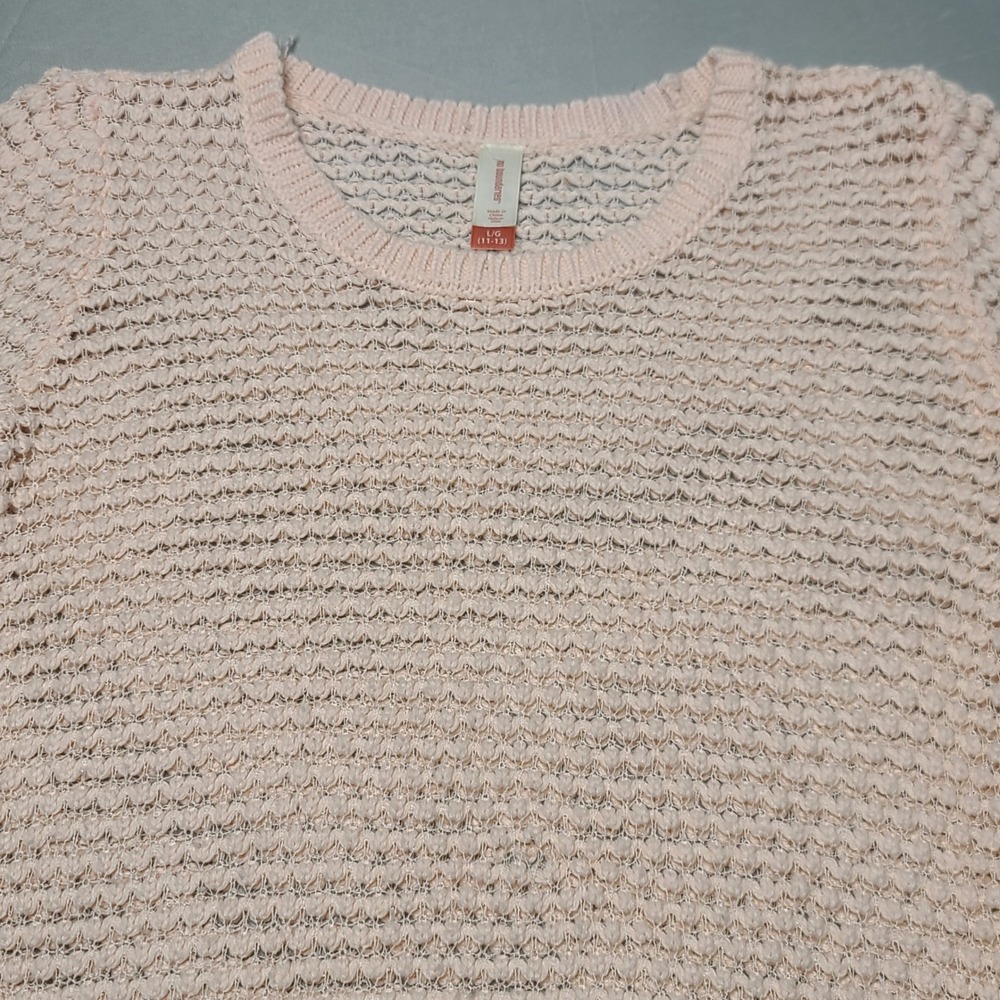 No Boundaries Sharkbite Sweater Womens Large Pink Open Knit Crochet Pullover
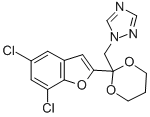 1-((2-(5,7-Dichloro-2-benzofuranyl)-1,3-dioxan-2-yl)methyl)-1H-1,2,4-t riazole Struktur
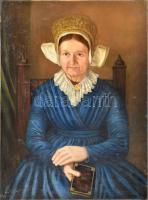 Jelzés nélkül, 19, században alkotó művész: Holland hölgy képmása. Olaj, vászon, kasírozott, szépen restaurált. 59,5x45cm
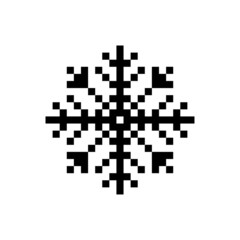 Pixel snowflake icon. Black silhouette. Vector simple flat graphic illustration. The isolated object on a white background. Isolate.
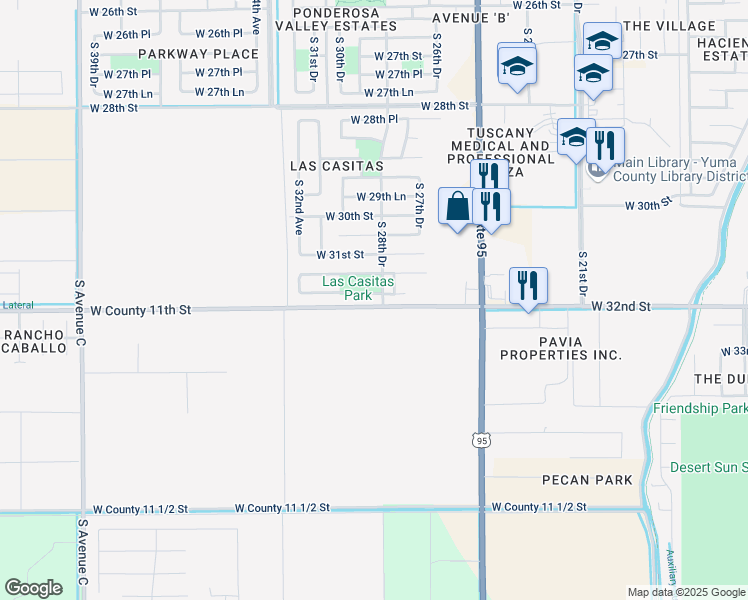 map of restaurants, bars, coffee shops, grocery stores, and more near in Yuma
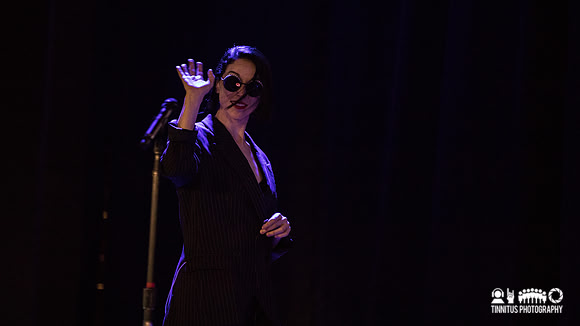 St, Vincent performing a live soundtrack at Boston Calling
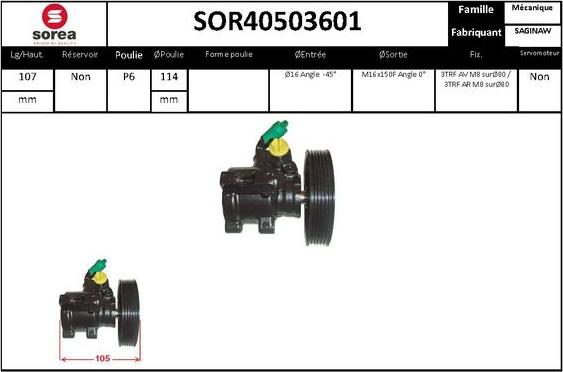 EAI SOR40503601 - Гідравлічний насос, рульове управління, ГУР autozip.com.ua
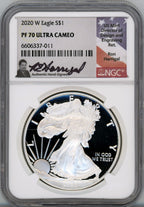 2020-W American Silver Eagle NGC PF70 Ultra Cameo Ron Harrigal Signed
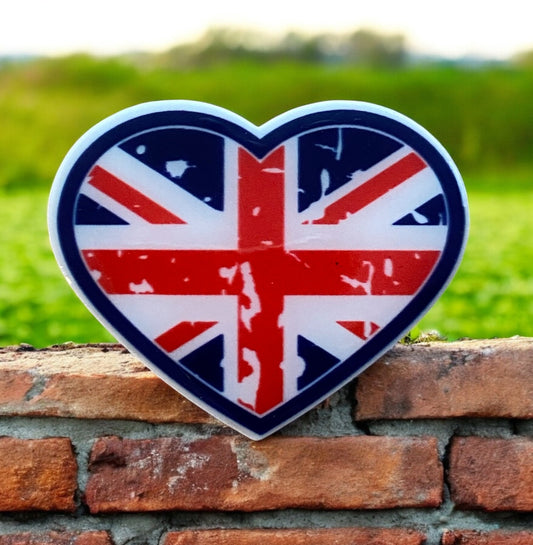 Heart-Shaped Union Jack Badge Reel Topper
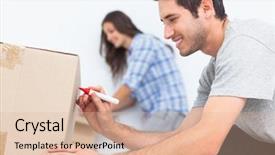  Presentation with moving writing - Beautiful slides featuring marker on a moving box backdrop and a  colored foreground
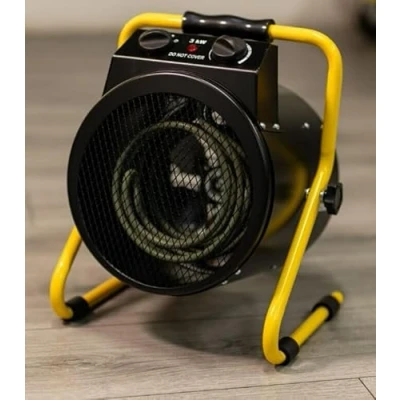 Image of Garden Mile® Modern 3kW Electric Industrial Heater Adjustable Thermostat Control Room ABS Plastic Tilting, Energy Saving, Portable Use for Indoor, Workshop, Garage and Office Fan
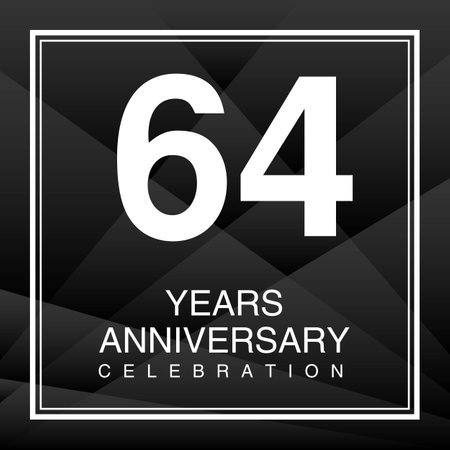 64 Year Anniversary Celebration Logo Vector On Red Background, 64 Number Design, 64th Birthday Logo, Logotype Number, Vector Anniversary For Celebration, Invitation Card, And Greeting Cardのイラスト素材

------------------------------------

**PROBLEM TO WORK ON:** Output exactly the lines above that lie between the line with "Jelzés nélkül, 19, században" and the line with "Pixel snowflake icon.", those two lines included, and no pictures.

**EXERCISE ANSWER:**
 Jelzés nélkül, 19, században alkotó művész: Holland hölgy képmása. Olaj, vászon, kasírozott, szépen restaurált. 59,5x45cm
 Pixel snowflake icon. Black silhouette. Vector simple flat graphic illustration. The isolated object on a white background. Isolate.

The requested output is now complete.